Refer to SPEAR Library for well documented implemenation of this paper.
This code has been developed with
- python 3.6
- numpy 1.17.4
- torch 1.1.0
The dataset directory contains dataset for the following 3 datasets:
- IMDB
To download following datasets, please go to the following link (https://github.com/awasthiabhijeet/Learning-From-Rules) and keep them inside Data/ directory
- MITR - Slot filling task (Source: https://groups.csail.mit.edu/sls/downloads/restaurant/)
- YOUTUBE - Spam Classification task of youtube comments (Source: http://www.dt.fee.unicamp.br/~tiago//youtubespamcollection)
- SMS - Spam classification task of text messages (Source: https://archive.ics.uci.edu/ml/datasets/SMS+Spam+Collection)
- CENSUS
- d_processed.p (d set: labeled data )
- U_processed.p (U set: unlabeled data)
- test_processed.p (test data)
- NOTE U_processed.p for YOUTUBE and MITR is unavailable on GitHub due to larger size. You can download entire data dir from this link
- x : feature representation of instances
- shape : [num_instances, num_features]
- l : Class Labels assigned by rules
- shape : [num_instances, num_rules]
- class labels belong to {0, 1, 2, .. num_classes-1}
- l[i][j] provides the class label provided by jth rule on ith instance
- if jth rule doesn't cover ith instance, then l[i][j] = num_classes (convention)

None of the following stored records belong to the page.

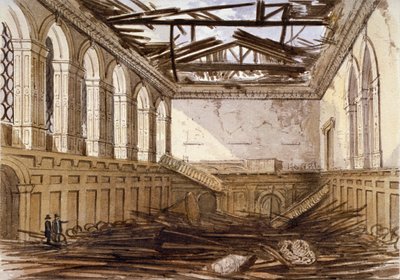 Rovine della sala dei banchetti di Haberdashers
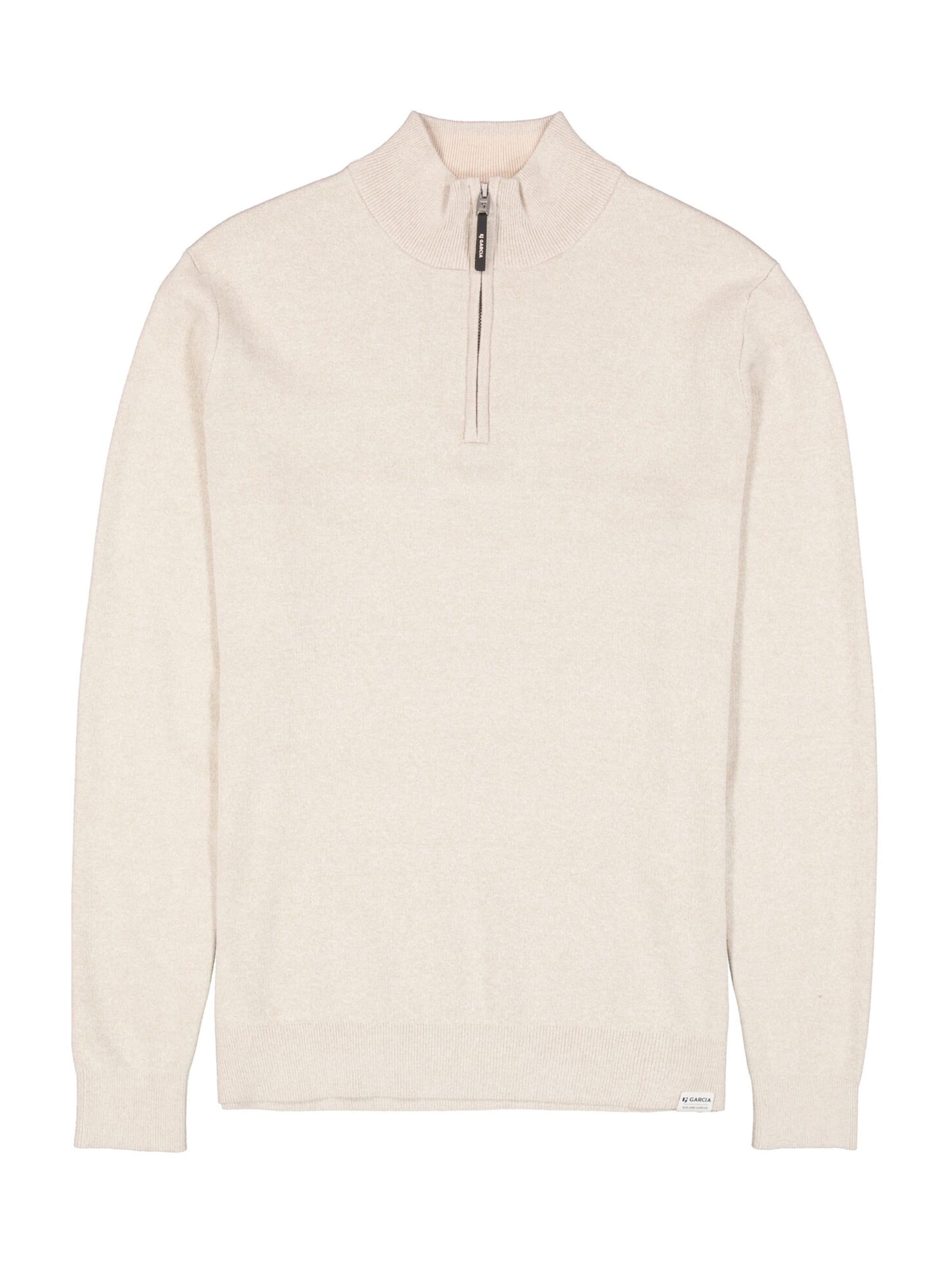 Pull-over GARCIA en blanc : devant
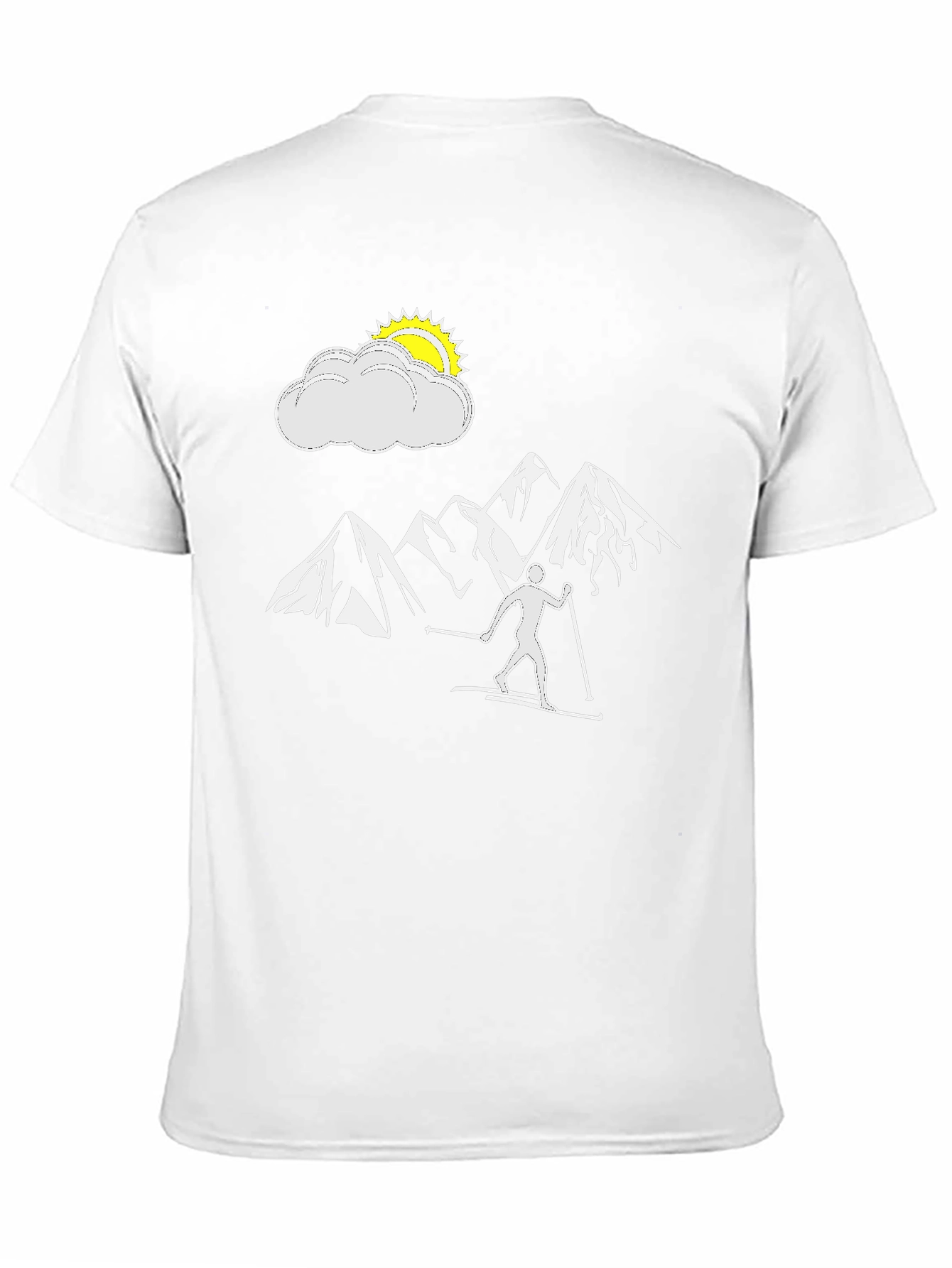 Black Black Skiing Adventure T-Shirt view 11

- in snorkel, convention is to keep l[i][j] = -1, if jth rule doesn't cover ith instance
- m : Rule coverage mask
- A binary matrix of shape [num_instances, num_rules]
- m[i][j] = 1 if jth rule cover ith instance
- m[i][j] = 0 otherwise
- L : Instance labels
- shape : [num_instances, 1]
- L[i] = label of ith instance, if label is available i.e. if instance is from labeled set d
- Else, L[i] = num_clases if instances comes from the unlabeled set U
- class labels belong to {0, 1, 2, .. num_classes-1}
- d : binary matrix of shape [num_instances, 1]
- d[i]=1 if instance belongs to labeled data (d), d[i]=0 otherwise
- d[i]=1 for all instances is from d_processed.p
- d[i]=0 for all instances in other 3 pickles {U,validation,test}_processed.p
- r : A binary matrix of shape [num_instances, num_rules]
- r[i][j]=1 if jth rule was associated with ith instance
- Highly sparse matrix
- r is a 0 matrix in all the pickles except d_processed.p
- Note that this is different from rule coverage mask "m"
- This matrix defines the coupled rule,example pairs.
- Run respective .sh files to train the model
- To run semi-supervised model of youtube - run tr_youtube.sh
- Each sh file contains calls to various combinations of loss functions.